INCONSISTENCY CRITERIA FOR : EXTENT TO WHICH COMMONWEALTH QUARANTINE REGULATIONS SUPERSEDE STATE QUARANTINE REGULATIONS
CONSTITUTION, s. 109 : QUARANTINE ACT 1908, s. 87 : HEALTH ACT 1890 (VIC.)
It appears that the Victorian Board of Health has recently issued a circular to shipowners informing them that certain provisions of the Victorian ship-berthing regulations must be observed in addition and supplementary to the regulations relating to rats and mice from vessels etc. under the Commonwealth Quarantine Act.
The Director of Quarantine has minuted the Comptroller-General as follows:
In connection with the administration of the Federal Quarantine Act in Victoria I gather from Dr Robertson, the Acting Chief Quarantine Officer, General, that the Board of Health consulted the Crown Solicitor as to its powers in respect of any proclamation under Section 160 (Health Act 1890(1)) and was informed that until the Federal Authority moved (which might be done on its own initiative or at the instance of an aggrieved State) to cancel or supersede any such proclamation, the State Health Department could maintain its precautions if reasonable, and on the lines of those laid down in any Federal Act or Regulations.

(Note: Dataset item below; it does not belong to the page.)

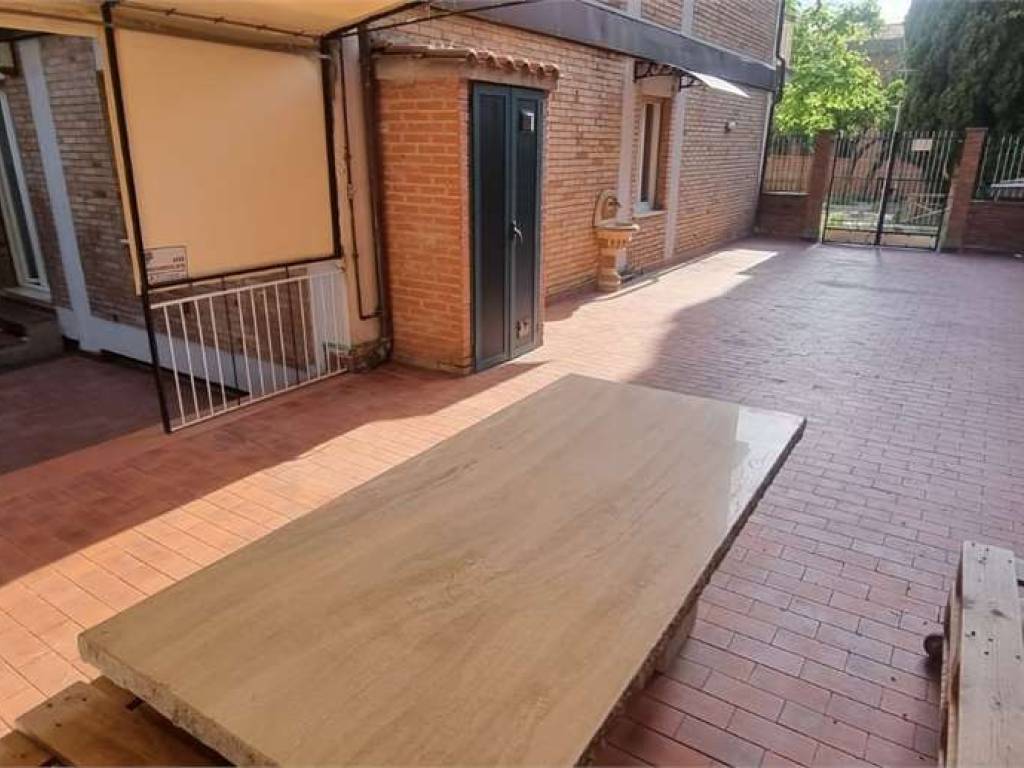 Appartamento a Perugia in Via Leonardo Da Vinci , 40 - Foto 4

As the result of this the Board, which made its ship-berthing regulations under section 122 of the Health Act and not under any powers set out in Part 8, Division 4, of the same Act, resolved to enforce not only the Federal Regulations (138 and 139) but others which have been in practice in Victoria since 1901. I have obtained a copy of these-as distributed to the Shipping Companies and would suggest that the matter might be referred to the Federal Crown Law Authorities. Tasmania and perhaps South Australia is in the same position as Victoria as regards freedom from plague in man and rats and the alternative question that arises in my mind is as to whether discriminating regulations can be made under the Federal Act-to specially protect clean States.
The Comptroller-General forwards the file to me with the following minute:
I should be glad to receive an opinion on the point raised by the Director of Quarantine in attached minute.

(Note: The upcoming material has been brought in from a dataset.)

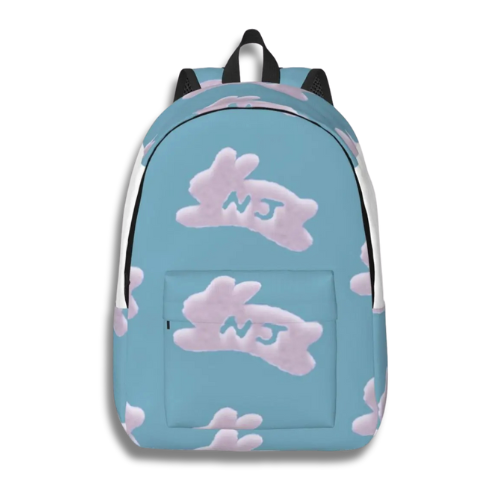 Sac à Dos KPOP - New Jeans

It will certainly give rise to a most embarrassing state of affairs if a State Authority can go on issuing proclamations which, if the Federal Authority does not concur in, the latter must specifically cancel or supersede to render inoperative.
In this case no definite regulations have been made relating to the subject by Federal Authority. But if each State can come in with further regulations confusion must arise in the administration of the Act.

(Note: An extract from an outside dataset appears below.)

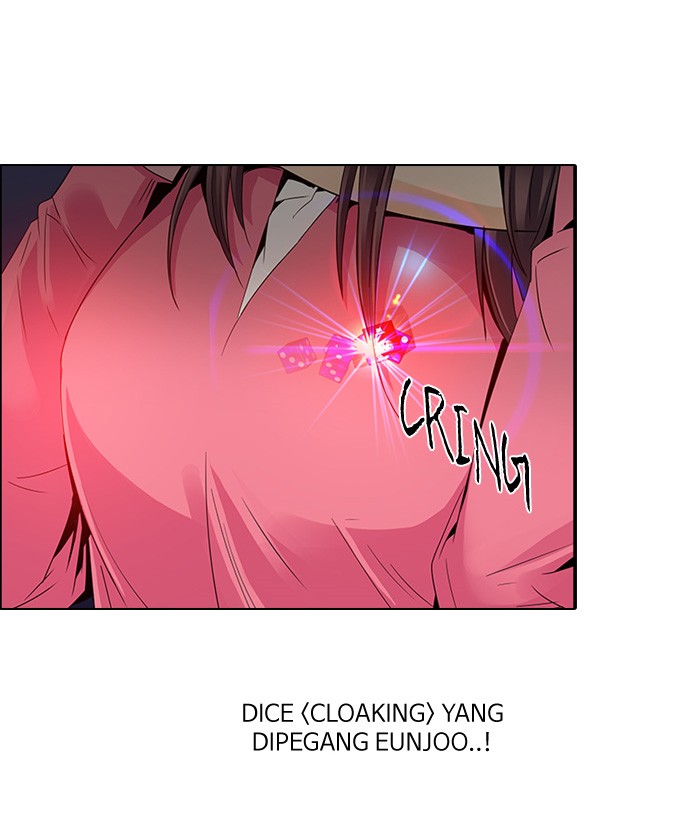 Dice Bab 113 halaman 5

In the absence of proclamation or action to the contrary it would seem a proper assumption that the Federal Executive considered none such was required? The enforcement of a State proclamation would therefore override the action of the Commonwealth Government.
The Quarantine Regulations (Stat. Rules 1909, No. 73) made under the Commonwealth Quarantine Act, make provision (regulation 139) for the destruction of rats and mice on board ship; and for the prevention of ingress and egress of rats and mice to and from vessels (regulation 138).
These regulations are undoubtedly intra vires the Quarantine Act; see section 87, paragraphs (f), (g).
The State regulations under the Health Act make provision for the same purpose, but not to the same effect. Some requirements are common to both, others are not. E.g. the Federal regulations require obstruction of ports etc. by wire netting, while the State regulations do not. The State regulations require fenders and rat guards on hawsers, and night-watchmen, which the Federal regulations do not. Both regulations require fumigation, and illumination overside.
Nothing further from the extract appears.